Historien des identités, François Durpaire (*) considère que le président français parle à mauvais escient de "l’échec d’un multiculturalisme" qui n’existe ni en France, ni en Allemagne, ni même au Royaume Uni.
Dans l’émission de TF1 "paroles de Français", le président Sarkozy a déclaré: "le multiculturalisme est un échec". Que veut-il dire par là, selon vous ?
Il a dit cela sans savoir de quoi il parlait. Ces propos sont aberrants puisque l’on ne peut pas parler d’échec de quelque chose qui n’a jamais été mis en œuvre en France. La chancelière allemande Angela Merkel il y a quelques semaines ou le premier ministre britannique David Cameron il y a quelques jours ont parlé eux aussi de l’échec du multiculturalisme.
Or, pas plus qu’en France, l’Allemagne n’a jamais appliqué de politiques relevant du multiculturalisme. Ni le Royaume Uni, d’ailleurs, même si, dans ce cas, c’est un peu plus compliqué. En réalité, ces dirigeants emploient ce mot comme synomyme de "différences culturelles". Pour des raisons électoralistes, ils considèrent que rejeter ces différences, cela doit plaire à une majorité de la population.
Comment définir alors le multiculturalisme ?
Une nation multiculturelle est une nation dont l’unité et l’identité résultent de la diversité culturelle.
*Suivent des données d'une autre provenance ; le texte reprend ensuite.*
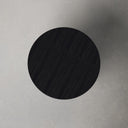Top down view of Finnley round coffee table showing charcoal black wood grain surface texture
Deux Nations sont authentiquement fondées sur le multiculturalisme : les Etats-Unis et le Canada. Tout le monde connaît la devise américaine : "e pluribus unum" (un à partir de plusieurs). Au Canada, le multiculturalisme figure dans la constitution depuis 1976. On y reconnaît la diversité des héritages ainsi que l’apport de ces différentes cultures à la Nation.
Ce qui mérite d’être souligné, c’est que ces modèles multiculturalistes sont en fait très assimilateurs, beaucoup plus que l’intégrationnisme à la française.
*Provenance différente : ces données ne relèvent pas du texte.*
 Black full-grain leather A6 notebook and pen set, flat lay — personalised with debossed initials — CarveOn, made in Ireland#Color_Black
Le modèle français, c‘est celui de l’ "intégration" ?
Soyons prudent. Depuis quelques décennies, on détricote notre base, celle du philosophe Ernest Renan, qui définit la Nation française par la volonté de vivre ensemble. Ce que l’on appelle "intégration" n’est arrivé qu’assez récemment et l’on s’aperçoit finalement que c’est un mot fait pour rejeter. On ne souligne la nécessité de s’intégrer qu’à propos des personnes dont l’apparence où les coutumes sont différenciantes par rapport à un Français "type".
Que signifie "s’intégrer" ? Est-ce que cela veut dire respecter les lois ? Ou bien manger du porc ? ce qui est difficile pour les Musulmans. Ou encore ressembler au groupe dominant ? ce qui est compliqué pour un noir.
On veut nous faire croire aussi que l’assimilation se fait avec le temps, par strates, les plus anciens immigrants étant les mieux assimilés. Mais croyez-vous que les descendants des noirs qui se sont établis en France au XVIII ème siècle sont mieux intégrés que les descendants d’Italiens du début du XXème siècle ?
La situation est très différente en Allemagne ?
Les Allemands ont fait un très gros travail par rapport à leur traditionnelle approche ethnique (le "droit du sang"). Cela dit, les gens ont quand même du mal à s’ôter de la tête qu’être allemand, c’est avoir des parents allemands. Depuis que l’Allemagne s’est ouverte à l’immigration de masse, la réflexion s’est intensifiée. Les propos d’Angela Merkel sur l’échec du multiculturalisme reviennent à clore cette réflexion.
Mais les Britanniques, eux, se rapprochent d’un modèle multiculturel ?
Non, c’est un multiculturalisme d’importation. La Nation anglaise ne se définit pas par la fusion de plusieurs cultures. En fait, on peut parler d’un multiculturalisme post-colonial qui prend la forme d’une juxtaposition de groupes qui cohabitent du fait de l’immigration en provenance de l’ancien empire. On répète ce qui se passait dans les colonies où les gens issus de la culture locale étaient associés au pouvoir britannique pour des raisons pratiques. Mais cela n’a rien à voir avec les Etats-Unis où l’on "fabrique" des Américains à partir de plusieurs cultures.
(*) Outre son site, François Durpaire est responsable du mouvement pluricitoyen.